In summer 2012, when Pamela Caughie and I were proofreading transcriptions of the essays to be included in Woolf Online, I noticed something peculiar. “What is it with Virginia Woolf and donkeys?” I asked. In seemingly every essay we encountered, there was a donkey. And once we started noticing them, they were everywhere. My inbox was soon brimful of emails from Pamela reporting new donkey sightings. Woolf may not have written a novel without one, to say nothing of the hundreds of references scattered throughout her letters, diaries, and essays. The question, once we were confronted with this wealth of examples, became what to do with them. So what is it with Virginia Woolf and donkeys?

In A Room of One's Own (1929), Woolf's narrator describes how receiving an income of five hundred pounds a year from her aunt relieved her of the burden of making her “living by cadging odd jobs from newspapers, by reporting a donkey show here or a wedding there” (37). Oddly, Woolf never quite seems to have left the donkey show behind. With the recent emergence of animal studies, scholars have examined her literary treatments of companion species such as dogs and horses, as well as reptiles, amphibians, and insects. No one, however, has yet given sustained attention to donkeys.

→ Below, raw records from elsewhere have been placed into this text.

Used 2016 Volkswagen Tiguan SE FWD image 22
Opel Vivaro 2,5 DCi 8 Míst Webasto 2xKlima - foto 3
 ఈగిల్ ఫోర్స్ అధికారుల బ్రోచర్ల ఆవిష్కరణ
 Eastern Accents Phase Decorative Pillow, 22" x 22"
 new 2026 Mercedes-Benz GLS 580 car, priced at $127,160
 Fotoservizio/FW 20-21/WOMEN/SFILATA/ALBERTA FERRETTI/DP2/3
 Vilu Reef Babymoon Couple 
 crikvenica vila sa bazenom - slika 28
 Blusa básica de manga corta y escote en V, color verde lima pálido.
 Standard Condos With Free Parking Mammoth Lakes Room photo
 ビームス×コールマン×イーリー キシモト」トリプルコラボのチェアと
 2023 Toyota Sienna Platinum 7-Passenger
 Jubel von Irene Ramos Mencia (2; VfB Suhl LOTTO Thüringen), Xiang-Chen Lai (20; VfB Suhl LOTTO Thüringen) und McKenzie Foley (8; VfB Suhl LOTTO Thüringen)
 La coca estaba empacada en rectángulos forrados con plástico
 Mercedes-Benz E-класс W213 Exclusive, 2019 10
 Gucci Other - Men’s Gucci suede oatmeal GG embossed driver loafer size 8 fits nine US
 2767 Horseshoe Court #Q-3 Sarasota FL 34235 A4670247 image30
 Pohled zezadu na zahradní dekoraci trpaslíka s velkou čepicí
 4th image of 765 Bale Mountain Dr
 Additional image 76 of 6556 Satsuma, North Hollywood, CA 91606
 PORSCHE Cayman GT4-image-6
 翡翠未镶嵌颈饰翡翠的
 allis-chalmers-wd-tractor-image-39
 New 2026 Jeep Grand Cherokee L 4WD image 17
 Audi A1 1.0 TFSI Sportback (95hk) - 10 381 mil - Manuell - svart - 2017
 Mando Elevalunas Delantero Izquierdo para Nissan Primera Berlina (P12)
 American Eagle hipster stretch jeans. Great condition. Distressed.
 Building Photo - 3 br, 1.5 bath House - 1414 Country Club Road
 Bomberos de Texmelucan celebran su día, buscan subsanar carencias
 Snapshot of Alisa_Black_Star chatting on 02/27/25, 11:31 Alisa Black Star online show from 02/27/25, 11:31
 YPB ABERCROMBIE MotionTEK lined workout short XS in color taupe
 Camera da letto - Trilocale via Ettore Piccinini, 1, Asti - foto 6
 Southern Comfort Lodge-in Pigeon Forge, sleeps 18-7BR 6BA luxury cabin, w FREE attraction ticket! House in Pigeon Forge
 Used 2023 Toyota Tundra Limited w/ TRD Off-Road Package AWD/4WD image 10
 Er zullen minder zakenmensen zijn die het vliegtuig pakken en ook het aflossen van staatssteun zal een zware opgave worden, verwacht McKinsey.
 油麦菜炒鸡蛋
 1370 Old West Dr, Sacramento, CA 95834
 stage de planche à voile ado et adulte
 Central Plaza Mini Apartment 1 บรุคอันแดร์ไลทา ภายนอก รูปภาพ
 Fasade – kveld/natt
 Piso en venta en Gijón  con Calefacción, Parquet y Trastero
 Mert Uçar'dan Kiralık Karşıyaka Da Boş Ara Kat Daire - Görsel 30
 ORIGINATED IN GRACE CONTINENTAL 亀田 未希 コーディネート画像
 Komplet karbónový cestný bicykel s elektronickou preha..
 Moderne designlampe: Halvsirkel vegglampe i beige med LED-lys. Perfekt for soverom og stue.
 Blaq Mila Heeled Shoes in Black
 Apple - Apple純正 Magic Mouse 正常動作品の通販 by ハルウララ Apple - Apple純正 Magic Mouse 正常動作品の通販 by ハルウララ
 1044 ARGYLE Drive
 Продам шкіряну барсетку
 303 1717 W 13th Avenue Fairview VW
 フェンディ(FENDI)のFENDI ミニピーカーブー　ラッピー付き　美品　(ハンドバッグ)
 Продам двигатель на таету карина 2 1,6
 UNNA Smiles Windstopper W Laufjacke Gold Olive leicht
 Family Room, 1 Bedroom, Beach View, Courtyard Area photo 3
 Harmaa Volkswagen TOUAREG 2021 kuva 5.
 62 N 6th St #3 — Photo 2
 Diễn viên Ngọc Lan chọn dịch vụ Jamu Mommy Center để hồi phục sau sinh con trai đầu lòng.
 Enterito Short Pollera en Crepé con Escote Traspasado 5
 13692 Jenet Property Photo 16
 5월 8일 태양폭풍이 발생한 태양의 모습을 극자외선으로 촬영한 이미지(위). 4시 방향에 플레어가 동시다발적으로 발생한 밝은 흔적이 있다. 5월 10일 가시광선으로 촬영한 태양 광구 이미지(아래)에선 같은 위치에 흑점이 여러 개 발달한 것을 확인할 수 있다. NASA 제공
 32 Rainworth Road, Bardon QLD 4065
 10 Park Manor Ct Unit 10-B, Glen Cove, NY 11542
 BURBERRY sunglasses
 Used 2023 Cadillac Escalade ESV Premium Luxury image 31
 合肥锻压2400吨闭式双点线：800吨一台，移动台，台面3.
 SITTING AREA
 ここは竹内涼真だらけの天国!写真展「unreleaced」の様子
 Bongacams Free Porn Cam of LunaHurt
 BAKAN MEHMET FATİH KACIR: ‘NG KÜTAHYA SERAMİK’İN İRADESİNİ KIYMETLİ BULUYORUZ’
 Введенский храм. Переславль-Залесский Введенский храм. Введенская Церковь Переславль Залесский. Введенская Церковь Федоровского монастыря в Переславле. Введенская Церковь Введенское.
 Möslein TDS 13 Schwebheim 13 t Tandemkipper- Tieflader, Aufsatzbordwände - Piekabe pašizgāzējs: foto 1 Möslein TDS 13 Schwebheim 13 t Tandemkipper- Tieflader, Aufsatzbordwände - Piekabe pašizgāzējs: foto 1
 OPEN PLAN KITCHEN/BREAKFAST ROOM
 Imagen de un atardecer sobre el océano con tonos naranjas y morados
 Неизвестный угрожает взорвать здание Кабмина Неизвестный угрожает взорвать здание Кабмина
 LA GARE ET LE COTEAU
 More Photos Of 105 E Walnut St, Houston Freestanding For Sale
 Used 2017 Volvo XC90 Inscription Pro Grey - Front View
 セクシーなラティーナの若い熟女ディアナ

Like dogs and horses, donkeys are companion animals but with a diff erent connotation for human observers. We map a certain dignity and grace onto horses, while donkeys serve a traditionally comic function in literature. While the donkey is a figure of toil— particularly for Woolf—it is also a figure of fun. It bears both of these associations vividly in Between the Acts (1941), as I will explore in this paper. Like horses, donkeys faced increasing obsolescence as working animals in the modernist period, given the spread of automobiles and other motorized vehicles. Yet it is in their labor that they most often inhabit Woolf's imagination through hundreds of mentions in her writing in all genres. Woolf associates their work with the work of the writer—but generally the less significant, more difficult work, the work less facilitated by ease and inspiration.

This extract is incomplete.